## [YOUR GOAL]
Having found the line containing "THE ESTHER - Girl's Long Sleeve Swimsuit" in the records below, copy that line and each later one exactly, dropping pictures.

Short descriptive text snippets:
******************************

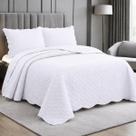 Colcha Casal Elos 3 Peças Branco Camesa 220x240cm
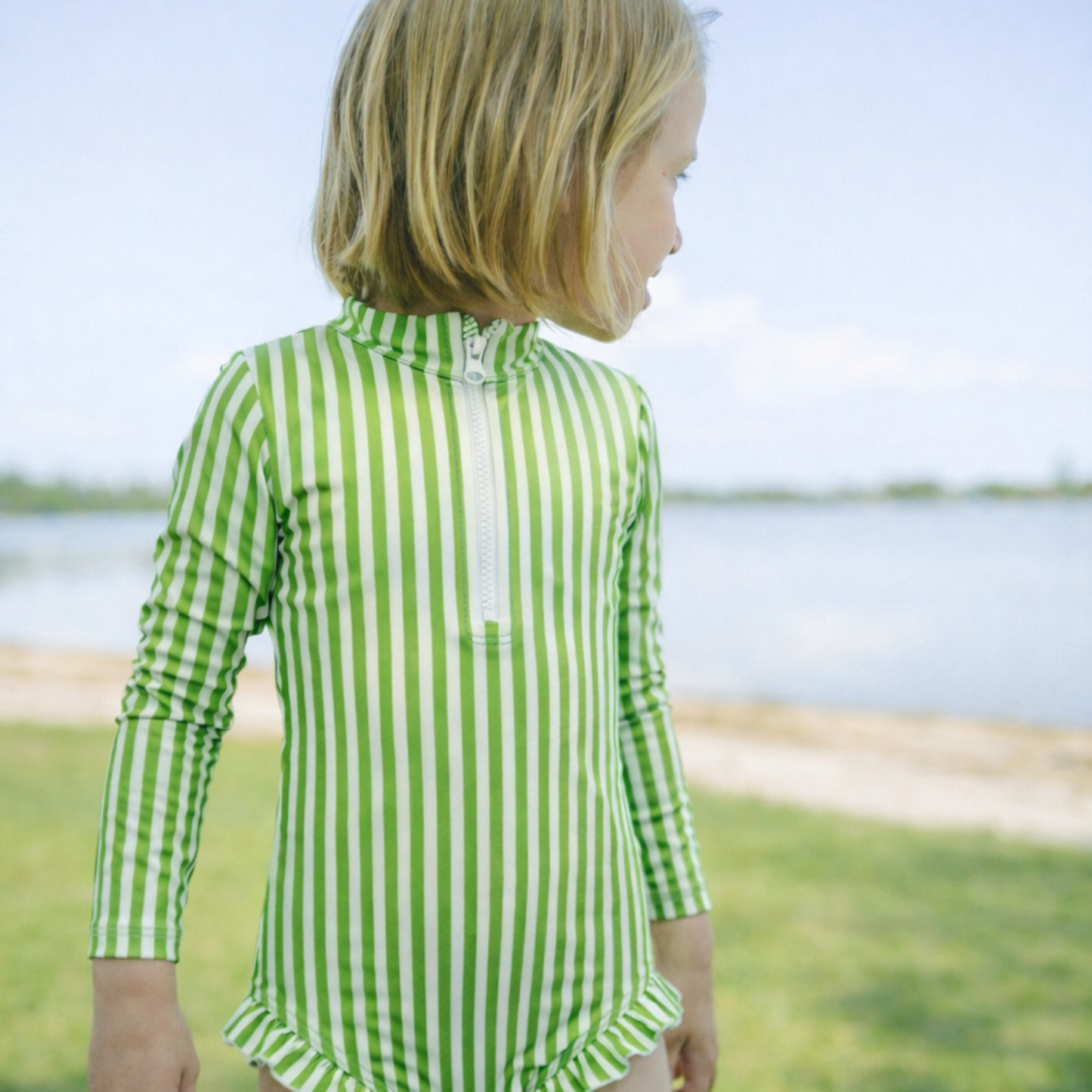 THE ESTHER - Girl's Long Sleeve Swimsuit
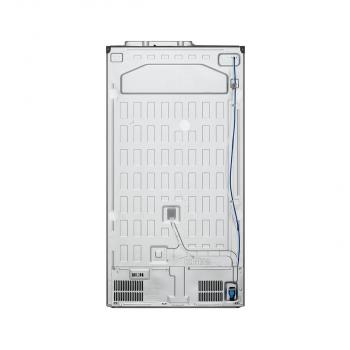 LG GSLV71MCTD Side-by-Side Kombination, 91 cm breit, 635L, NoFrost, Eis-, Crushed Ice- und Wasserspender, Interner Wassertank, DoorCooling+, schwarz matt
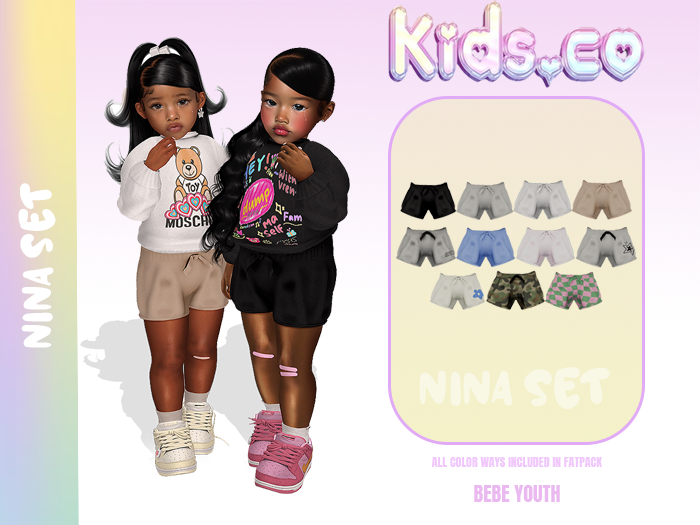 KIDS.Co - "Nina Shorts " FATPACK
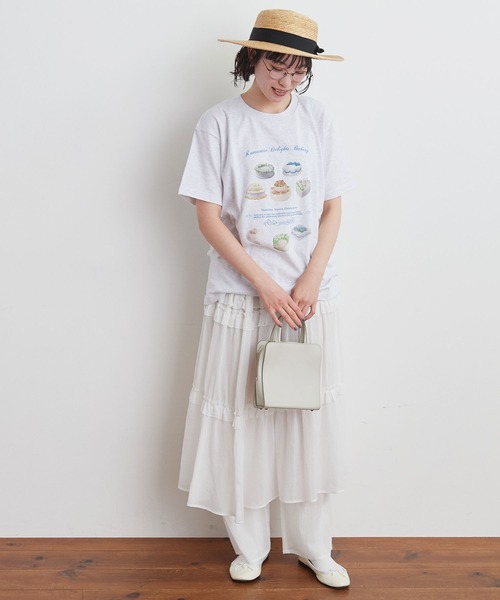 fig London(フィグロンドン)の「lake skirt(スカート・レディース・ホワイト/ブラック・FREE)」の4枚目の写真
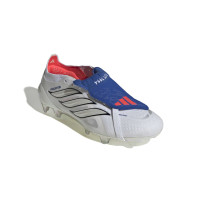 adidas Predator Elite FT Gras Voetbalschoenen (FG) Wit Zilver Blauw Rood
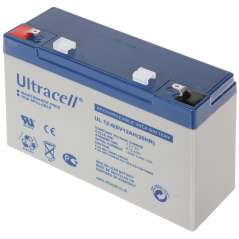 Acumulator 6V/12Ah, AGM Ultracell, UL12-6 T1 151x51x97 mm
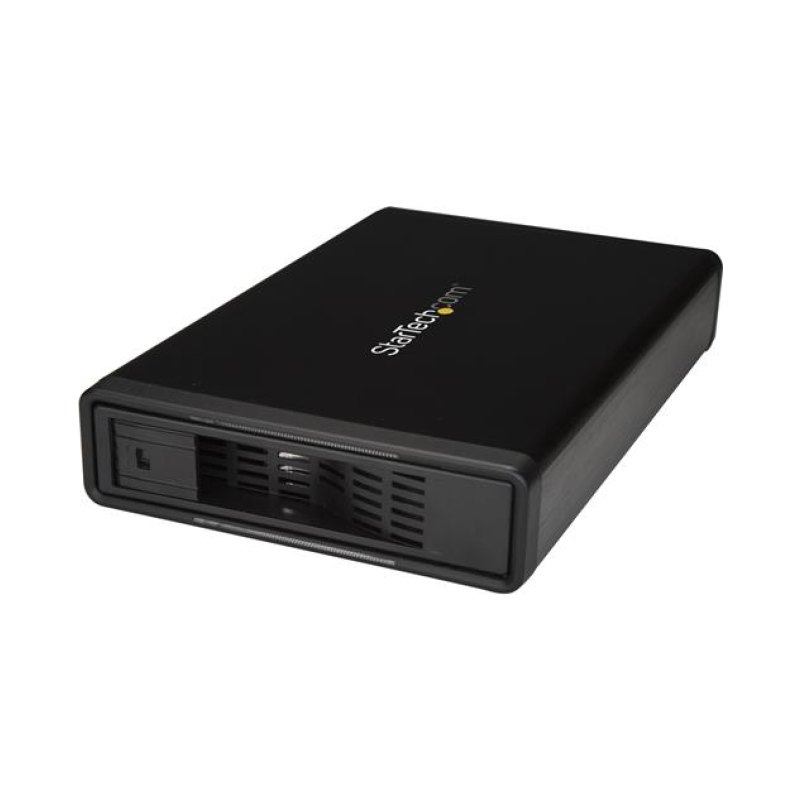 StarTech.com 3.5" SATA Hard Drive Enclosure - eSATA / USB 3.0 - Trayless
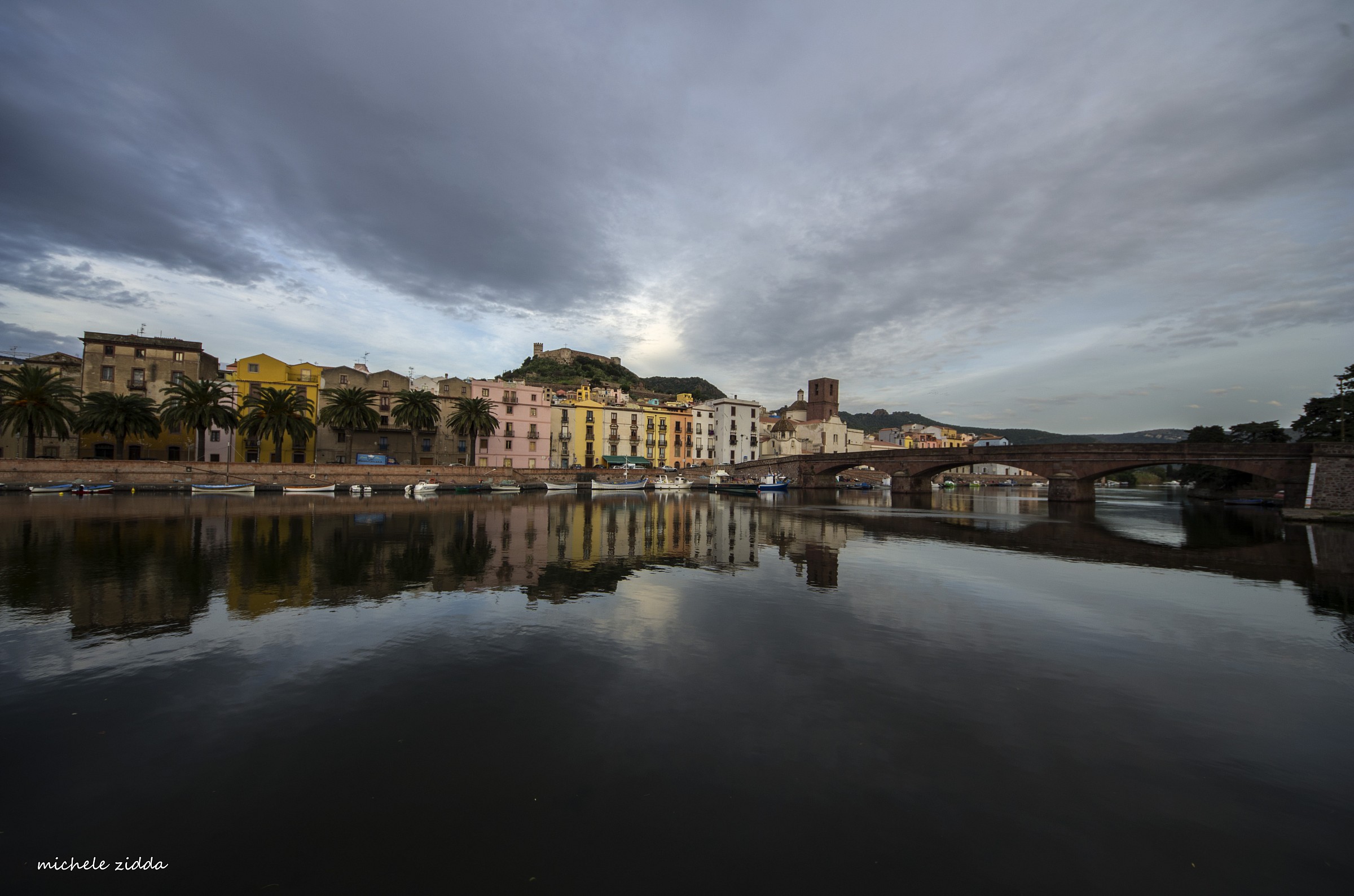 The play of light on the river
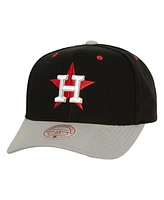 Men's Mitchell & Ness Black Houston Astros Bred Pro Adjustable Hat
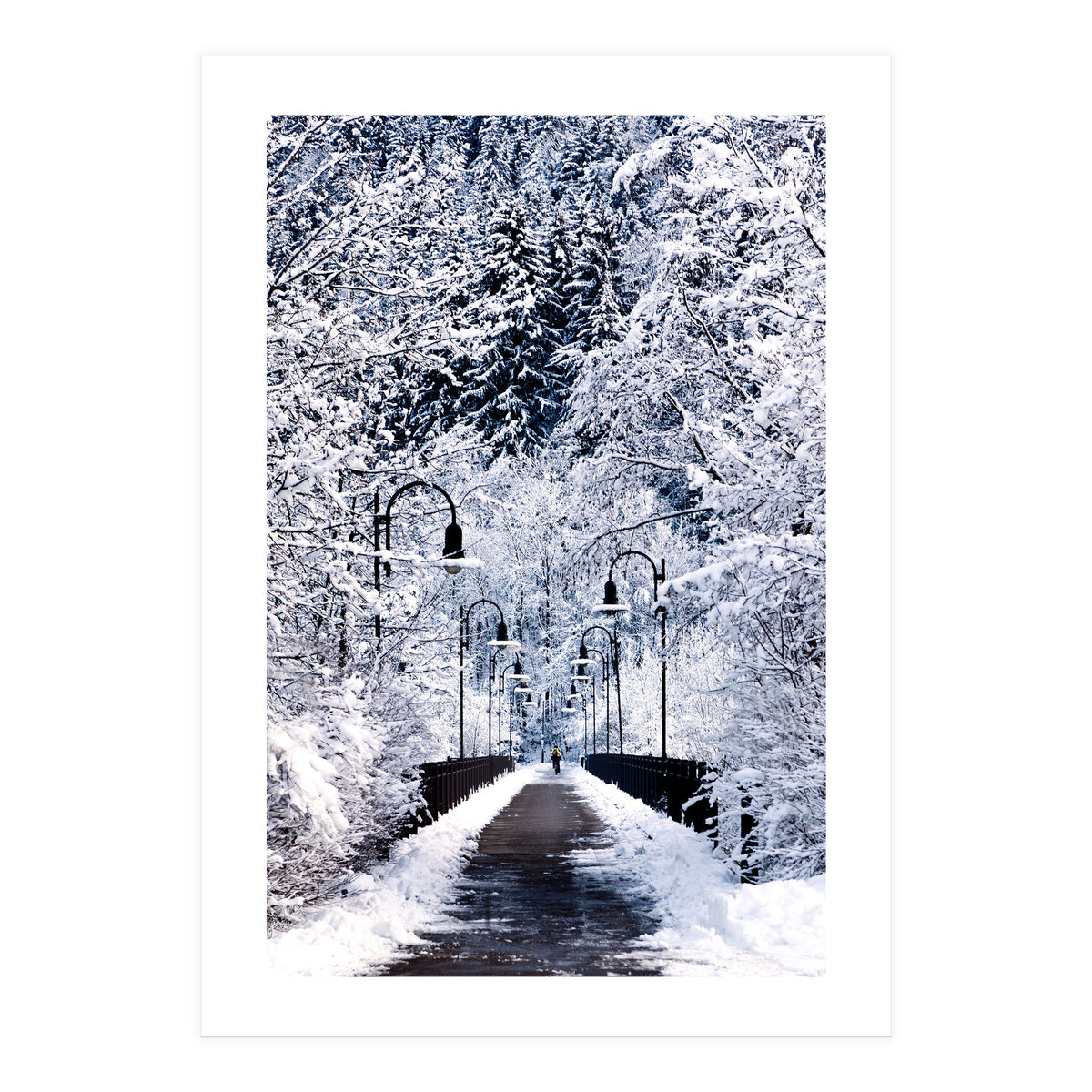 Snowy Bridge (Print Only)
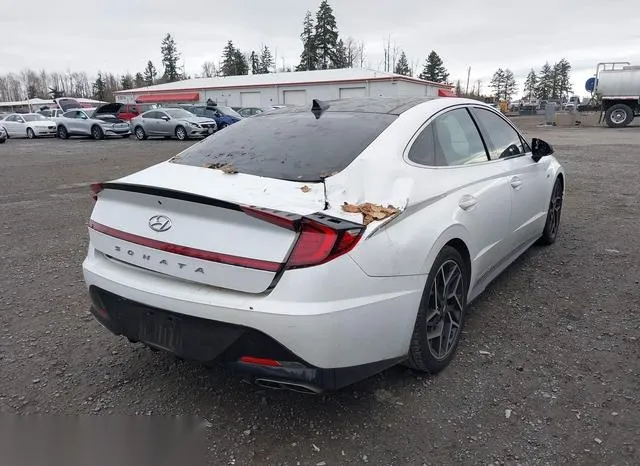 5NPEK4JCXMH126665 2021 2021 Hyundai Sonata- N Line 4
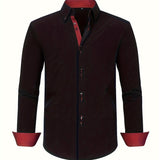 Albert Elegant Lightweight Shirt with Contrast Details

******************************

## [RESPONSE BOX]
 THE ESTHER - Girl's Long Sleeve Swimsuit
 LG GSLV71MCTD Side-by-Side Kombination, 91 cm breit, 635L, NoFrost, Eis-, Crushed Ice- und Wasserspender, Interner Wassertank, DoorCooling+, schwarz matt
 KIDS.Co - "Nina Shorts " FATPACK
 fig London(フィグロンドン)の「lake skirt(スカート・レディース・ホワイト/ブラック・FREE)」の4枚目の写真
 adidas Predator Elite FT Gras Voetbalschoenen (FG) Wit Zilver Blauw Rood
 Acumulator 6V/12Ah, AGM Ultracell, UL12-6 T1 151x51x97 mm
 StarTech.com 3.5" SATA Hard Drive Enclosure - eSATA / USB 3.0 - Trayless
 The play of light on the river
 Men's Mitchell & Ness Black Houston Astros Bred Pro Adjustable Hat
 Snowy Bridge (Print Only)
 5NPEK4JCXMH126665 2021 2021 Hyundai Sonata- N Line 4
 Albert Elegant Lightweight Shirt with Contrast Details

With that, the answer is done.